Englehart CTP (US) LLC v Lloyd’s Syndicate 1221 and others

English Commercial Court: Sir Ross Cranston: [2018] EWHC 900 (Comm): 23 April 2018

Judgment Available on BAILII @ https://www.bailii.org/ew/cases/EWHC/Comm/2018/900.html

Dominic Kendrick QC (instructed by Reed Smith) for the Claimant ("Engelhart")

Luke Parsons QC and Ben Gardner (instructed by Kennedys) for the Defendants ("Insurers")

ALL-RISK MARINE CARGO INSURANCE: OWNERS' CLAIM FOR LOSS OF SHIPMENT OF NON-EXISTENT COPPER INGOTS: WHETHER POLICY COVERED ECONOMIC LOSS OF THIS TYPE

Summary

In this case, the insured brought a claim under an “All Risks” cargo insurance policy, with additional clauses, for the loss it had sustained in accepting fraudulent bills of lading for a cargo of copper ingots to be carried from New York to the People’s Republic of China (“PRC”) in containers, where that cargo was never in fact loaded into the containers.

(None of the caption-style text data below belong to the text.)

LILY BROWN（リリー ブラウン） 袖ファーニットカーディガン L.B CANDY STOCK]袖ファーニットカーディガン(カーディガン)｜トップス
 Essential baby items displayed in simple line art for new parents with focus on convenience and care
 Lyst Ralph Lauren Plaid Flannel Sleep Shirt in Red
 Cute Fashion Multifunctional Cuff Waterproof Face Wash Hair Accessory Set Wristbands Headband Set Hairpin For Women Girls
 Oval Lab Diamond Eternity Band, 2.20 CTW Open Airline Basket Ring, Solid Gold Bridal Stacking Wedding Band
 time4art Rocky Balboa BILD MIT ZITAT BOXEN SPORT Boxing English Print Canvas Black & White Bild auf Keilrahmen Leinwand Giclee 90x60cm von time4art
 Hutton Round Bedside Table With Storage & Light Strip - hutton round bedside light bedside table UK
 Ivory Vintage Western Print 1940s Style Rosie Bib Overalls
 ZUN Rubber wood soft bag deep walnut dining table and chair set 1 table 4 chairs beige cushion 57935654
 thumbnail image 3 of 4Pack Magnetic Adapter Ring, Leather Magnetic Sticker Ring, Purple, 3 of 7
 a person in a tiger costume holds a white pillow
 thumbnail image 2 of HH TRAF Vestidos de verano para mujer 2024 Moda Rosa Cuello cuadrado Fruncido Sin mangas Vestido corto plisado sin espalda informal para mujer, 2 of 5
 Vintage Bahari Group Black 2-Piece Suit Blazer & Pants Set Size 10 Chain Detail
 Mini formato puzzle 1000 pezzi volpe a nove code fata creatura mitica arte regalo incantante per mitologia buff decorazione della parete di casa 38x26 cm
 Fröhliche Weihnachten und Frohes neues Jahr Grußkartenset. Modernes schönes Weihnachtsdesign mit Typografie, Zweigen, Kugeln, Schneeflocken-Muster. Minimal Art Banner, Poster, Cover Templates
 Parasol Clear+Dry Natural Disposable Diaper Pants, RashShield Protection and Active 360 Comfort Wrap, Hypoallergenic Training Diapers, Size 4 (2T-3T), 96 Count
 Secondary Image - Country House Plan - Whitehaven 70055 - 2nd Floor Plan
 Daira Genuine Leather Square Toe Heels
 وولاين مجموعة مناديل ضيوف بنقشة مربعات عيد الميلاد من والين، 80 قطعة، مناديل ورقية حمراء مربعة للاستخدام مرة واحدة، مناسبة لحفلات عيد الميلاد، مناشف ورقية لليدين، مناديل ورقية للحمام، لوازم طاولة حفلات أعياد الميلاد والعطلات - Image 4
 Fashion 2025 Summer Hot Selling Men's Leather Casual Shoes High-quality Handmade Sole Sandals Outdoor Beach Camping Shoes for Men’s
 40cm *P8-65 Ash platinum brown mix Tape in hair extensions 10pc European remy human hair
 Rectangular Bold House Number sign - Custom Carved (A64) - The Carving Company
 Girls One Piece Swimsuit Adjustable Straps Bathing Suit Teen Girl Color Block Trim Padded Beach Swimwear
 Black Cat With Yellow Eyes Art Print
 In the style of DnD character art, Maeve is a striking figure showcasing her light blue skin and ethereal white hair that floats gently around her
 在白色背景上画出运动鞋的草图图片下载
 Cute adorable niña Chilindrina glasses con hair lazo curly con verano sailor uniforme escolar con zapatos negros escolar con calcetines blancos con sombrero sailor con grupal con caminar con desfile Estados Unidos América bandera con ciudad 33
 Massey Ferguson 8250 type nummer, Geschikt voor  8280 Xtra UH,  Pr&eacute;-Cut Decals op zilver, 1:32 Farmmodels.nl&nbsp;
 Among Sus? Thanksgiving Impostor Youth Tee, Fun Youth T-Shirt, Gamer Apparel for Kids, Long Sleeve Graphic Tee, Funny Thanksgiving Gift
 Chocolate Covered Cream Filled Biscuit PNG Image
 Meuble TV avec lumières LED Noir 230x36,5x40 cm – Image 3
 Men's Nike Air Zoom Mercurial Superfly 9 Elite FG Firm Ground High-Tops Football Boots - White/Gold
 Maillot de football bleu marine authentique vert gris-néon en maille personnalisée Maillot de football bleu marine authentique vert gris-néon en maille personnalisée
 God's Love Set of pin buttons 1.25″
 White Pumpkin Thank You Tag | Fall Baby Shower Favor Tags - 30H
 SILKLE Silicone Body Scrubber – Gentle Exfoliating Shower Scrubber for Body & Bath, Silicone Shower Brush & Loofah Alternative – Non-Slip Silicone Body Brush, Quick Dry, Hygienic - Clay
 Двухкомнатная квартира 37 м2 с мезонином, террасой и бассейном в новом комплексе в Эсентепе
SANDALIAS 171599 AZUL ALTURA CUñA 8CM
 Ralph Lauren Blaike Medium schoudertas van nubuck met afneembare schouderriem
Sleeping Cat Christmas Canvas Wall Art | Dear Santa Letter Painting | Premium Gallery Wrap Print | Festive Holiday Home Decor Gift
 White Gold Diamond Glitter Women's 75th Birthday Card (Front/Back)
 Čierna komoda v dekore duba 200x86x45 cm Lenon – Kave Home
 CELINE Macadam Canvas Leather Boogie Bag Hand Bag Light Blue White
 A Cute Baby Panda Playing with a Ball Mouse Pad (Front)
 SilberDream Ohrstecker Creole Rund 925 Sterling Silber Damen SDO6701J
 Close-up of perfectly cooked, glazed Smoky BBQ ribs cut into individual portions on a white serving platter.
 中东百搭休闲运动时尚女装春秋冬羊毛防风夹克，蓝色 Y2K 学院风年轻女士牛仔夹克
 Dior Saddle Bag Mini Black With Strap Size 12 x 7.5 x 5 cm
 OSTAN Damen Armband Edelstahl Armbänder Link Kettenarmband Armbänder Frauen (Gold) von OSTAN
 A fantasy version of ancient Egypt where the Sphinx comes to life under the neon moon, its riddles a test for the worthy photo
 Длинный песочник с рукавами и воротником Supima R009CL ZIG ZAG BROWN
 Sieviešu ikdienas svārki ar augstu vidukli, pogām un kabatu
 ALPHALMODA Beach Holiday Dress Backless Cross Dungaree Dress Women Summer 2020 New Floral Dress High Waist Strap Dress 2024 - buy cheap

The judge dismissed the claim on the grounds that:

(i) The starting point of an all-risks marine cargo insurance is to cover loss of or damage to property.

(ii) In order for a policy to cover more than physical losses, such as economic losses as in this case, clear words would be needed to that effect.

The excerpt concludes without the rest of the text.